The Microsoft For Partners site was redesigned in July based on feedback from solution providers about where they wanted to find certain information. The site also includes updated materials for marketing campaigns. As of last month, the redesigned portal had drawn roughly 450,000 visitors, Watson said.

"I now feel like I'm the CIO of my division within Microsoft," Watson said. "It happens to be an area where we have some important breakthroughs to make," she added.

In the short term, Microsoft's channel management team is revising the company's e-learning strategy, but a longer-term goal is to provide field-sales staff with a consolidated view of all partner information, enabling them to look downstream into distribution for inventory data and upstream through partners for customer information, Watson said. Currently, the sales team must access several different sources for such data, and partners would have to do the same to get a similar view of Microsoft, she said.

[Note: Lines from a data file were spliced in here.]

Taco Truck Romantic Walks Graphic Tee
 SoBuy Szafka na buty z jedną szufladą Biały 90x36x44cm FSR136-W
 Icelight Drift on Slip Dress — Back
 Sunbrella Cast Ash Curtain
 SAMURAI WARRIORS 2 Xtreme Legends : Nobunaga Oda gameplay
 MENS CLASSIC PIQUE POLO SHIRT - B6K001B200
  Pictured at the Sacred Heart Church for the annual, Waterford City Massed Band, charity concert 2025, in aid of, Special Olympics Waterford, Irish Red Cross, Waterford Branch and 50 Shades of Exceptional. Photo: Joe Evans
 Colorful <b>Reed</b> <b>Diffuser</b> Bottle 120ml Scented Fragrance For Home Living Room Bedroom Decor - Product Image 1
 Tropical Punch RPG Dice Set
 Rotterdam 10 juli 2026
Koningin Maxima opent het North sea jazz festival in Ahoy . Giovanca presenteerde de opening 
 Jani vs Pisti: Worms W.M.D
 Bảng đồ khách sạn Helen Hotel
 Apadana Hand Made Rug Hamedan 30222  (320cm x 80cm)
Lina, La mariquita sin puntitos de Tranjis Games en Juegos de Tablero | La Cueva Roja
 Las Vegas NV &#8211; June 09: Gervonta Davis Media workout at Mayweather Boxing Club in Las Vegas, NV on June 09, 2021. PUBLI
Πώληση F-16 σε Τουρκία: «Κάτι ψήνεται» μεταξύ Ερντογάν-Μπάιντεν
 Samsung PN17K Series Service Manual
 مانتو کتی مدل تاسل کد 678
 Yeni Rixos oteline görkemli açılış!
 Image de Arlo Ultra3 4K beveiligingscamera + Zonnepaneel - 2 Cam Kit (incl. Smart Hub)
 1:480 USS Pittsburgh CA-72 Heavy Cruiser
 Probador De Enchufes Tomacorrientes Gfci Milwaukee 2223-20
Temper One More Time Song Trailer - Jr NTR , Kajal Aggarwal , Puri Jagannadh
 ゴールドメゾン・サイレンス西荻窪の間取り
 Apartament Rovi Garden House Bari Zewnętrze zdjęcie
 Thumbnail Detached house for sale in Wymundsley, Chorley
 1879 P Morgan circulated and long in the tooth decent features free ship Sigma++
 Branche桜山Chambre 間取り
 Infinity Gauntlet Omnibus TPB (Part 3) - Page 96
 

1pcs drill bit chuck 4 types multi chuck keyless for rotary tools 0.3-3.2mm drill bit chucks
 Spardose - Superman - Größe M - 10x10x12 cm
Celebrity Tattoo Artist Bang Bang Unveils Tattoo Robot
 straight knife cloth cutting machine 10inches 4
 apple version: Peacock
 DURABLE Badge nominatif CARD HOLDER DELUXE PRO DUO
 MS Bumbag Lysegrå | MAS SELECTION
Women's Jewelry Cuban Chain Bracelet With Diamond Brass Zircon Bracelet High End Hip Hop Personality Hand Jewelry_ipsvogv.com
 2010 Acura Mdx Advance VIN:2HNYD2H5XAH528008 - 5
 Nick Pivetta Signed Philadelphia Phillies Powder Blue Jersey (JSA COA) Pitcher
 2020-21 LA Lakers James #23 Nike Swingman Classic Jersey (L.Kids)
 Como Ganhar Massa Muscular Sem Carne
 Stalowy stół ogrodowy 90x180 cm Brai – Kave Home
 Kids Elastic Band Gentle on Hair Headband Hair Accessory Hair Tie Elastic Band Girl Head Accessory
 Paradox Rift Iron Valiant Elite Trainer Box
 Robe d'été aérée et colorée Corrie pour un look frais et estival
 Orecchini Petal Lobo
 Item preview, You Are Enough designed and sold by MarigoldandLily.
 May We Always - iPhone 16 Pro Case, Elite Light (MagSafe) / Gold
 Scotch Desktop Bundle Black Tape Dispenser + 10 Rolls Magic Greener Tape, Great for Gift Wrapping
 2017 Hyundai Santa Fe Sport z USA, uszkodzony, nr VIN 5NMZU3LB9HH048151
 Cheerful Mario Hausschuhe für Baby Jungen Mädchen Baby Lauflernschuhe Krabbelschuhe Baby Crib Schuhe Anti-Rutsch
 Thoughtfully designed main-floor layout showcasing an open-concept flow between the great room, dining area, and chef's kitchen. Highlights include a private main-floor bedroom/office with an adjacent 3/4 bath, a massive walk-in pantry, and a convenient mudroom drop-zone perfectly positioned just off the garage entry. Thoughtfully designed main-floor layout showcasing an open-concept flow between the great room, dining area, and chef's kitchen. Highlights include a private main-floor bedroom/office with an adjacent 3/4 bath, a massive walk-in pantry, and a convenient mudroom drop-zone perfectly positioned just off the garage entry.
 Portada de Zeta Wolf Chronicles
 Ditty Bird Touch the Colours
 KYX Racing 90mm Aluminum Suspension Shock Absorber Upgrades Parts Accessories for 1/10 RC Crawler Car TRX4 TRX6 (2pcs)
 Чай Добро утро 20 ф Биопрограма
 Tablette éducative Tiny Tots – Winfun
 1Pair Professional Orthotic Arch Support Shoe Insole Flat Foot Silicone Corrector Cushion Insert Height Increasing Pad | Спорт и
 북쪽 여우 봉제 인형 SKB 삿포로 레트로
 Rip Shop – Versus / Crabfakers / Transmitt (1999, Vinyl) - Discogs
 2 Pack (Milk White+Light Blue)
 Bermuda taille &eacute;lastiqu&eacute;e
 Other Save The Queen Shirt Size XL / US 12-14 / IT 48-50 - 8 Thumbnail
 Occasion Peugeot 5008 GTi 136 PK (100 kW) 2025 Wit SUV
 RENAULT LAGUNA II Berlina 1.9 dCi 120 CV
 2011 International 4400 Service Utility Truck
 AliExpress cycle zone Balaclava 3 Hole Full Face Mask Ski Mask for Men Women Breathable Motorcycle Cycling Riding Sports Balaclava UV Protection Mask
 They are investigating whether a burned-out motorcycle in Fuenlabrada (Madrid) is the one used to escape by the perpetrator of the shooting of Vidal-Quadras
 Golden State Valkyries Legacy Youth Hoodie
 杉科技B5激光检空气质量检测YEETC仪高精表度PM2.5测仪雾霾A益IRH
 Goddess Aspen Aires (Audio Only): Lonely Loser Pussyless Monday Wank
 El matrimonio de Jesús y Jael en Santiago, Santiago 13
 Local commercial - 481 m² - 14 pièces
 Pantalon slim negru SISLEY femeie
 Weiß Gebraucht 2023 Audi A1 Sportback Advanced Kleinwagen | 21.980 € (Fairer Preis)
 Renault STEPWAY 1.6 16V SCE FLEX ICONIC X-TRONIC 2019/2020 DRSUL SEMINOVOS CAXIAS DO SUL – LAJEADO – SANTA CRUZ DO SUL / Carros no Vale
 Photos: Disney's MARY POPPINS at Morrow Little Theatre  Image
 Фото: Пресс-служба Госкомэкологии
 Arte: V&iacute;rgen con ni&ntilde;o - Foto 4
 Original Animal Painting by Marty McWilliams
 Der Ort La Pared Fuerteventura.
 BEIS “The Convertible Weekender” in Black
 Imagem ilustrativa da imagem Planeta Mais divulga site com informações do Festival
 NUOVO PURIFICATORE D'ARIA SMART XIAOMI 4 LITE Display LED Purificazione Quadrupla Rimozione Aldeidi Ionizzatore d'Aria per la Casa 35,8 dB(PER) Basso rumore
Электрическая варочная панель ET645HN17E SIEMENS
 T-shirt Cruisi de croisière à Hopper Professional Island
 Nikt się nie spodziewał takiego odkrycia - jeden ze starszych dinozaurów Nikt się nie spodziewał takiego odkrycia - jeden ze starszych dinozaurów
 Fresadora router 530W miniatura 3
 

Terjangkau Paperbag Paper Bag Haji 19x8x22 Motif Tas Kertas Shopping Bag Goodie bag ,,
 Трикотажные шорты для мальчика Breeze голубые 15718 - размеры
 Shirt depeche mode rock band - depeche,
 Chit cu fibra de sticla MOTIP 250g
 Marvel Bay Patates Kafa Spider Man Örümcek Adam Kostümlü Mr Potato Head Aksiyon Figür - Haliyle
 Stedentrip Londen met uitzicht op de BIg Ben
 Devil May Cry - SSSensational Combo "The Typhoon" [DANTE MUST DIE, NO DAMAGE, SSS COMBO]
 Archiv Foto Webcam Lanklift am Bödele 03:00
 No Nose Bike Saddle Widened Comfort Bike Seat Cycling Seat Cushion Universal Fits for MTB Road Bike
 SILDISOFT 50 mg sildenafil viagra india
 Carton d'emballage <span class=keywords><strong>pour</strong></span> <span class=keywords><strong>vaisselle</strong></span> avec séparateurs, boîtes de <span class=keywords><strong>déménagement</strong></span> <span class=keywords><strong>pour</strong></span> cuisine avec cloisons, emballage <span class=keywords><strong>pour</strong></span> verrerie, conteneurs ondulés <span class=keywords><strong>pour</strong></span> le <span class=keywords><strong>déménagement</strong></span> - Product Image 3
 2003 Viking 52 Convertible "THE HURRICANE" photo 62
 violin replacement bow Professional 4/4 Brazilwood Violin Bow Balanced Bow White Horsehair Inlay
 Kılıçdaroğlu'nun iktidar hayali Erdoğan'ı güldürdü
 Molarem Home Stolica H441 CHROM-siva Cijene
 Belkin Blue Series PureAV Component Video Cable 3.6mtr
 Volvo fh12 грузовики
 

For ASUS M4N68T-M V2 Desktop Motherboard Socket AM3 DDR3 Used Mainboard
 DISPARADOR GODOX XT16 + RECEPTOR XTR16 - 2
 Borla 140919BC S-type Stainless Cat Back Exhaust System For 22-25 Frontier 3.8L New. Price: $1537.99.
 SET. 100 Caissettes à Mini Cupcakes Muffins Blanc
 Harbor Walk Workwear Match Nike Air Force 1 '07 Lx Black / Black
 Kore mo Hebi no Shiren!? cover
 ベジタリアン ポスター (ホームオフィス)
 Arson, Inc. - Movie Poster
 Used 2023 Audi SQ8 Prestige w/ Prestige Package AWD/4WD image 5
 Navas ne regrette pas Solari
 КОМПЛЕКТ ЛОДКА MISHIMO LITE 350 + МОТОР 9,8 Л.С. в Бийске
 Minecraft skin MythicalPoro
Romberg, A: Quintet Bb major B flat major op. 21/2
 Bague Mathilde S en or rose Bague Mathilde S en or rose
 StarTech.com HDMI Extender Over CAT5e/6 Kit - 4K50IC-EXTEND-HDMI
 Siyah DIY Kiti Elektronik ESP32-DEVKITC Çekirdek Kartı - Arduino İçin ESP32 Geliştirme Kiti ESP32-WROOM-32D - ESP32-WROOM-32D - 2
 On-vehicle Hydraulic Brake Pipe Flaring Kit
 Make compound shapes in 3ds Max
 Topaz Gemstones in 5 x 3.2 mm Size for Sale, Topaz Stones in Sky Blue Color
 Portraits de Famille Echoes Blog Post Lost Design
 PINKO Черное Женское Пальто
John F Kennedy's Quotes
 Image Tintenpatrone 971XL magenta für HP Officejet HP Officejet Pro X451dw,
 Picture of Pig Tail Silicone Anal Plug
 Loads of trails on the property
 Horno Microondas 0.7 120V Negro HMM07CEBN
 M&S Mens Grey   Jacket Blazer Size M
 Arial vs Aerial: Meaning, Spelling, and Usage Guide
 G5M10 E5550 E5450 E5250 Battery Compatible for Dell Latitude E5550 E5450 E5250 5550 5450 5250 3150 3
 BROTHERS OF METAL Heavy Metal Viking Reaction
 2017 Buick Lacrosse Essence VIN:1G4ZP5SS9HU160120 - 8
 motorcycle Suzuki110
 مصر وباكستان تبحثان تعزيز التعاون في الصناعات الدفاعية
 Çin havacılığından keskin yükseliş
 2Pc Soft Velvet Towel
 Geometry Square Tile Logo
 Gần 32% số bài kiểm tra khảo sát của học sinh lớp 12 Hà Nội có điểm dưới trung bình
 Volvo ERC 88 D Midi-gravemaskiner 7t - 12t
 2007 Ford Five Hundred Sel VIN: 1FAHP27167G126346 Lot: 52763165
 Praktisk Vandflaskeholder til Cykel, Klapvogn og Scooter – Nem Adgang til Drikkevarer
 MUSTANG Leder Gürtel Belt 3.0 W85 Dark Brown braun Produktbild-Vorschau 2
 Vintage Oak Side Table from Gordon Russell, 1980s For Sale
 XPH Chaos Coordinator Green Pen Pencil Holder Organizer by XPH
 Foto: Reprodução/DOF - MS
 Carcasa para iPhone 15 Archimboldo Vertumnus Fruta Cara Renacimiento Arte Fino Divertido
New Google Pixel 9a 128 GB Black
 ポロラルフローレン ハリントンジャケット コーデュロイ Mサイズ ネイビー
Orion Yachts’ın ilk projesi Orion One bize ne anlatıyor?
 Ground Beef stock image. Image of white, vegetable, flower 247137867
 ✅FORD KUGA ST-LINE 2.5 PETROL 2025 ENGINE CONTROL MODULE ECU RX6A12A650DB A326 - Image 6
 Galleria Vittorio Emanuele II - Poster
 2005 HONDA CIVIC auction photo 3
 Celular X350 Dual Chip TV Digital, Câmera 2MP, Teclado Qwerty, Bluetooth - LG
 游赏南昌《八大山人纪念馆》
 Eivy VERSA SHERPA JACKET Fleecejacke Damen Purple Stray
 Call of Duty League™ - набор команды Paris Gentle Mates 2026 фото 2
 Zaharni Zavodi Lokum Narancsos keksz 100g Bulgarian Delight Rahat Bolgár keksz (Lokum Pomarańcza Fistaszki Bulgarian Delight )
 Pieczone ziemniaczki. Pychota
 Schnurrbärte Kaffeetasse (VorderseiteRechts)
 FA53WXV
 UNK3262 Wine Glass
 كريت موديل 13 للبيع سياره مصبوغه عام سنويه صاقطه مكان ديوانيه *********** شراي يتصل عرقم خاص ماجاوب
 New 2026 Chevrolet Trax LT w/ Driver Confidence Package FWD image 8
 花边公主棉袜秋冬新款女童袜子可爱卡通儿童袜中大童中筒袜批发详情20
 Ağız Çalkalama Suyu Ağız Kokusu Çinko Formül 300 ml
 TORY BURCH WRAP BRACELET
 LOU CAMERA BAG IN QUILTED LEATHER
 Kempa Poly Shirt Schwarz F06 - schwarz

"Over time, enabling our partners to be the most successful requires us to provide them with a view of their total activity with us. That's where our thinking is," Watson said. "Our vision is that we would have a 360-degree view of the partner and to the partner. That's a vision statement."

Hewlett-Packard also is working on changes to its partner portal, said Neville Hill, director of partner relationship management (PRM) at the vendor. HP's partner portal development team is examining ways to help solution providers consolidate their views into supply chain information, among other issues, he said.

"It's somewhat arrogant to expect that our partners should come to our portal for information and then go elsewhere as well," Hill said.

To that end, HP is working to link supply chain information and configuration tools offered by distributors into a partner's portal view. For example, a solution provider that places an order with Arrow Electronics North American Computer Products or Avnet Computer Marketing may need to access inventory and delivery information via the distributor's Web site and then visit the HP partner portal for additional information.

"The audiences continue to be separate today," Hill said.

However, like many other vendors, HP envisions a future in which these information environments would have seamless access to each other, according to Hill. That would allow solution providers to check inventory, manage leads, report customer satisfaction, profile new prospects and analyze sales trends in one place, he said.

"In many ways, I think the portal is a new paradigm for rich information," Hill said.